No need for this print as info, its just spamming...

> +
> +	for (i = 1; i < qcnt; i++) {
> +		ret = nvme_tcp_start_queue(nctrl, i);
>   		if (ret)
>   			goto out_stop_queues;
>   	}
> @@ -1773,7 +1782,7 @@ static int nvme_tcp_start_io_queues(struct nvme_ctrl *ctrl)
>   
>   out_stop_queues:
>   	for (i--; i >= 1; i--)
> -		nvme_tcp_stop_queue(ctrl, i);
> +		nvme_tcp_stop_queue(nctrl, i);
>   	return ret;
>   }
>   
> @@ -1934,6 +1943,10 @@ static int nvme_tcp_configure_io_queues(struct nvme_ctrl *ctrl, bool new)
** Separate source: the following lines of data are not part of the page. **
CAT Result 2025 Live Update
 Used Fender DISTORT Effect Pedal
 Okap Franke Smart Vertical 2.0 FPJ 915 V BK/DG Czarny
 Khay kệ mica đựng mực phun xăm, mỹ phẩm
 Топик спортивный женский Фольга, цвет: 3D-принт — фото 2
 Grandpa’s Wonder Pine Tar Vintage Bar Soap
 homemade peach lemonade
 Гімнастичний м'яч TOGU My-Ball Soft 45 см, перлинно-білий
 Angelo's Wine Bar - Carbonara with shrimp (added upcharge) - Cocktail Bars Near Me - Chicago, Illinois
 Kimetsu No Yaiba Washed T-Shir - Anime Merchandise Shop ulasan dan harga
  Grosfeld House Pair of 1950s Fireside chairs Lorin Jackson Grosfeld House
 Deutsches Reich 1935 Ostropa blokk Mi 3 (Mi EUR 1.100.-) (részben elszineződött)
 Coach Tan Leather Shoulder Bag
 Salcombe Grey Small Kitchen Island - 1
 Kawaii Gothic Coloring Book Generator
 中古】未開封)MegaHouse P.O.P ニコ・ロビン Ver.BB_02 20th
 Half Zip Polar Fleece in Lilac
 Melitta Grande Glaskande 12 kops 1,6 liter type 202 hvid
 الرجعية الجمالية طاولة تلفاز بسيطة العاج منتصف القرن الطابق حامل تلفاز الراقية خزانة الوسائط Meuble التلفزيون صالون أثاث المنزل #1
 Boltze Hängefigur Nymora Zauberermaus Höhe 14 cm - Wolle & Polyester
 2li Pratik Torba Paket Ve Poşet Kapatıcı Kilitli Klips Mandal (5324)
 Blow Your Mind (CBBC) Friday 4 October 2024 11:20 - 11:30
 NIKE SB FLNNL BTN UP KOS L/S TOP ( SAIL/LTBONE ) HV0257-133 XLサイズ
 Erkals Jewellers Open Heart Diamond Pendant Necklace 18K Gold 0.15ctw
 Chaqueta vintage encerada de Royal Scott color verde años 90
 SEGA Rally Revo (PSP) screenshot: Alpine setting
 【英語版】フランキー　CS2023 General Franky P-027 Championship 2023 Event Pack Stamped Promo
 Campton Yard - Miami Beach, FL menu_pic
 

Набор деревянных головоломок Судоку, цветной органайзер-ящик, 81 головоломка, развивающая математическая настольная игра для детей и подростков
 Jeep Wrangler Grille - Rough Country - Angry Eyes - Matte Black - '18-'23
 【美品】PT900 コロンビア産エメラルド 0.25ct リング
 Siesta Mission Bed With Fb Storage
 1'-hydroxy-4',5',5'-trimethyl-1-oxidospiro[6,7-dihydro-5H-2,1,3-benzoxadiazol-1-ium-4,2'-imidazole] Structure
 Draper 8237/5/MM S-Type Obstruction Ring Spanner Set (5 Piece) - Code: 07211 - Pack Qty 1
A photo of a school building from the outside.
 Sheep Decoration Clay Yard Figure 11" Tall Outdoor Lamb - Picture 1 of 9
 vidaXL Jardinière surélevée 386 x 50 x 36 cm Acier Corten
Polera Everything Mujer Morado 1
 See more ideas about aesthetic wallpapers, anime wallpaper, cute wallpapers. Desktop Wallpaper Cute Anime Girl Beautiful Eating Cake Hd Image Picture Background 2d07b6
>   		nvme_unfreeze(ctrl);
>   	}
>   
> +	ret = nvme_tcp_start_io_queues(ctrl);
> +	if (ret)
> +		goto out_cleanup_connect_q;
> +

Shouldn't we do the same for the create itself? Is there any chance that
we will leave a tcp connection idle in any situation?